Three natural satellites; a LithicGelidian moon (HD 314419 B II), a Selenian moon (Forix I) and a Europan moon (Wuhan)
Any small body orbiting a larger body. May be natural (e.g. a naturally occurring moon) or artificial (a ship, orbiting habitat or computronium node).
Formation of natural satellites
Natural moons form in several ways. Some are formed from the same collapsing region of the protoplanetary disk that created its primary, others are captured later, either following a grazing collision or by exchanging momentum with other, existing, satellites. Often a system of moons will contain several large objects and a number of smaller ones; an intruder may expel several of these objects into interplanetary space, while becoming a new satellite itself (sometimes in a highly eccentric and/or retrograde orbit).
Satellites interact with each other and with the primary via tidal forces, a phenomenon which causes internal heating, and often leads to a state of tidal lock.
If a moon has more than 0.1 x the mass of the primary, it is considered to be part of a double planet system (also known as a 'Dioscuran' system in the NoLWoCS classification system. Examples of Dioscuran worlds include Laurel and Hardy, Helen and Clytemnestra, and the Fiarro twin worlds. Some worlds have moons which are significantly smaller than 0.1 x the mass of the primary, but are considered double planets because of convention or historical usage.

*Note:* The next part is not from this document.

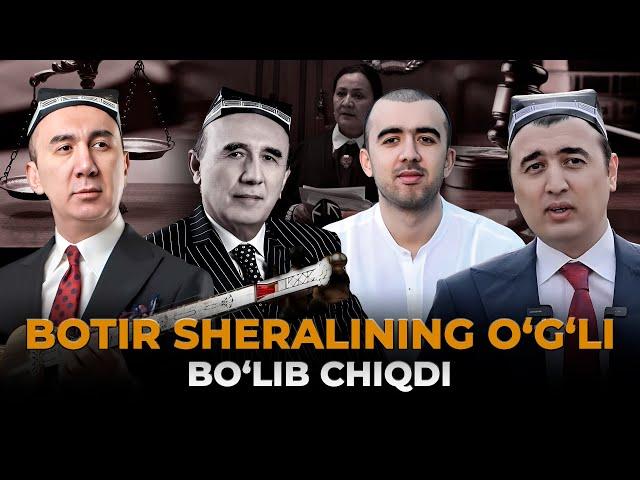 BOTIR SHERALINING O'G'LI BO'LIB CHIQDI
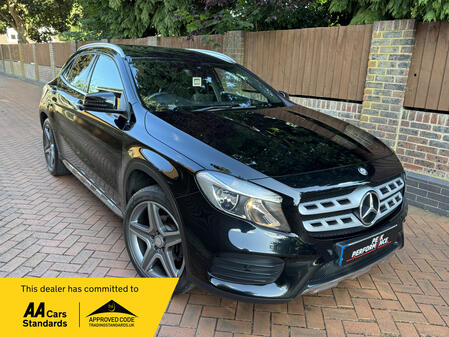 MERCEDES-BENZ GLA CLASS 2.1 GLA200d AMG Line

An increasing number of natural satellites have been converted into Moon-brains, complex processing centres which often support a transapient entity of S:3 level. Some moon-brains consist of communities of lesser entities, from S:2 level down to modosophont level or below. These structures may also be created by gathering material from external sources: some are constructed from abandoned or re=purposed spacecraft and other redundant infrastructure.